Explicaba ese eterno retorno como la repetición de la vida por reencarnación hasta que hubieras
conseguido un nivel de perfección o inteligencia determinado, entonces, a tu
muerte, unos seres superiores te llevarían a otro nivel, a su planeta; pero
ojo, dentro de los planetas también había clases, se pasaba de uno al otro en función
del nivel que se fuera adquiriendo. Qué curioso, al fin y al cabo eso tiene
cierta similitud con los planteamientos aludidos de la filosofía y el credo
budistas. Pero aquél señor era de campo, casi analfabeto, pero con una inteligencia
privilegiada hasta el punto que se le declaró loco. A mí me gustaba hablar con él,
lo tenía todo bien atado y encajado en su discurso.
Vuelvo
a reseñar la capacidad o posibilidad de que exista un cocimiento gnóstico, esa
especie de ciencia infusa que llevamos dentro y que solo es necesario sacarla a
flote para actualizarla mediante la meditación, el pensar en libertad y sin
corsés o, incluso, el propio azar.
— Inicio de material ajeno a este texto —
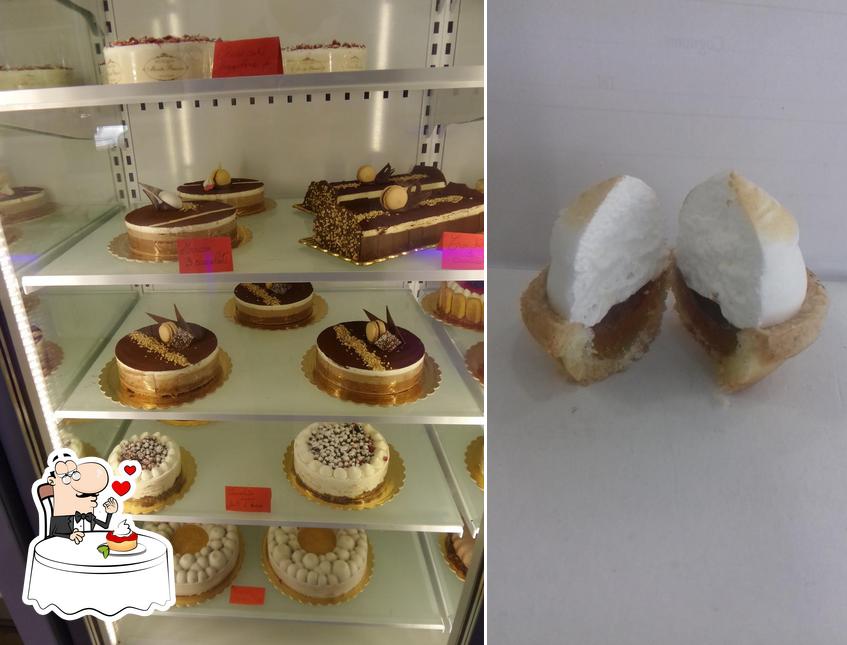 Goditi uno dei dolci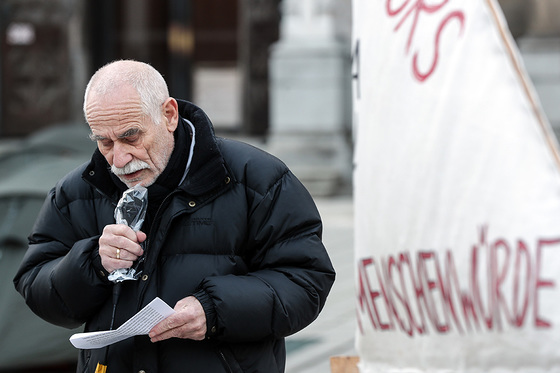 Kurt Mitterndorfer / © OÖN / Weihbold Kurt Mitterndorfer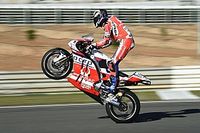 El "espíritu libre" de Redding no encajaba en MotoGP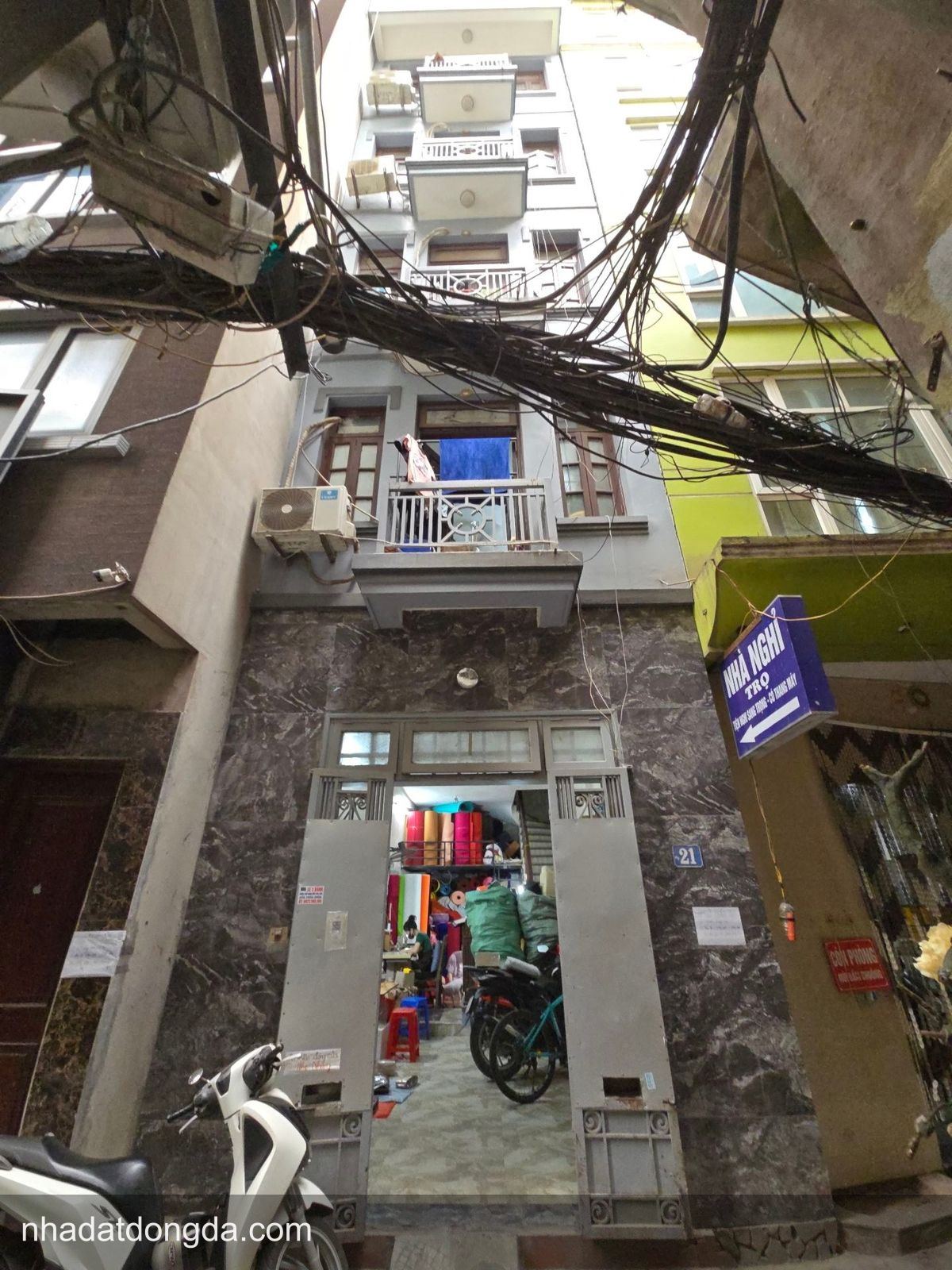 Ảnh 2 nhà Trường Chinh, Kim Liên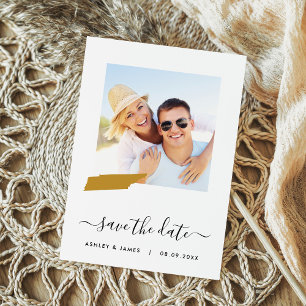 Tennessee Map Wedding Save the Date Kaart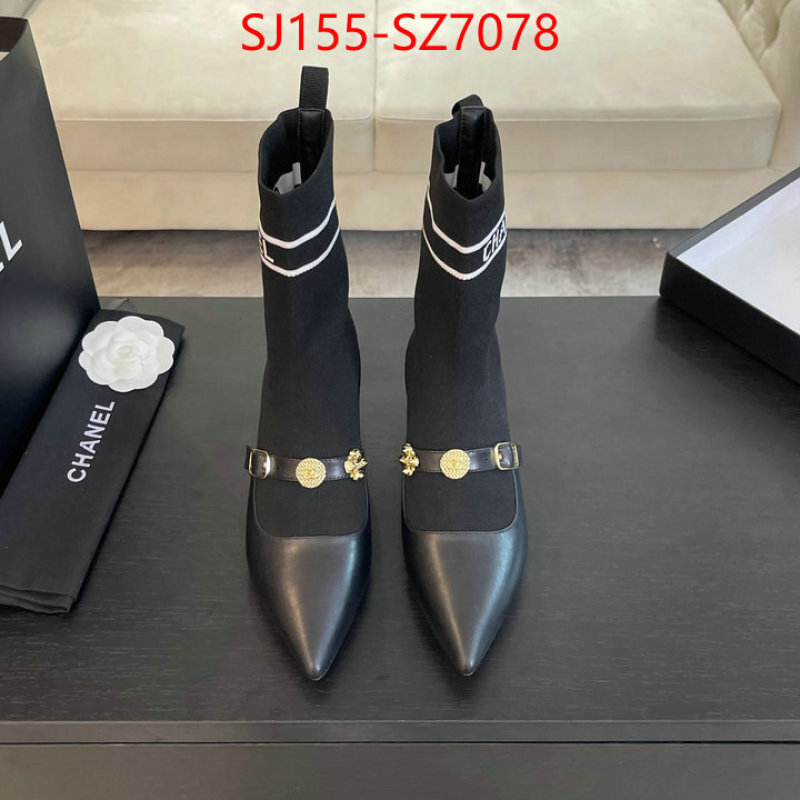 Women Shoes-Boots what is top quality replica ID: SZ7078 $: 155USD
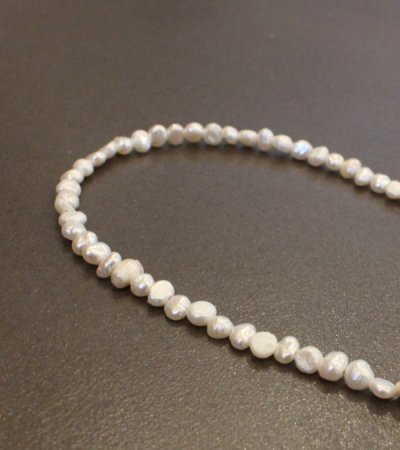 画像13: ミニパールネックレス　Mini Pearl Necklace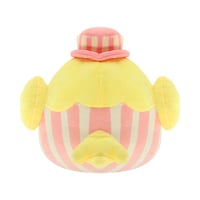 Image 5 of Popcorn the Circus Pigeon - 9" Polyester Plush + Free Sticker 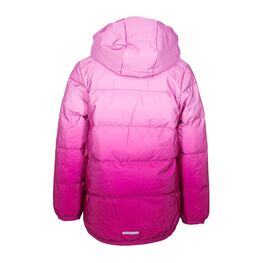 07857019-40 Осенняя куртка для девочки для девочки розовый фото №3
Pero, claro, al fin y al cabo somos lo que
sentimos, lo que pensamos, nuestro mundo no deja de ser esa percepción real o
imaginaria que tenemos, aunque existan otras cosas que escapan a nuestra estructura
sensorial que es la que nos suministran la información para computar los hechos
y sacar conclusiones. O sea, que seguimos especulando: conjeturas,
suposiciones, hipótesis, teorías o creencias… en un eterno retorno, del gira y
gira que algo irá cambiando aunque sea imperceptible, pero desde la individualidad
anclada en un colectivo con el que se interactúa. Cada uno somos un mundo
porque nuestros sentimientos y emociones son singulares, aunque también nos
tengan presos y limitados por el aspecto sensorial, pues solo nos llega aquello
que sentimos, lo que nuestros sentidos nos ofrecen, nada más… y ello, siempre,
nos llevará a la duda sobre el más allá de los sentidos. Tal vez la noche nos
ofrezca la posibilidad de abrir el cosmos a esas conjeturas.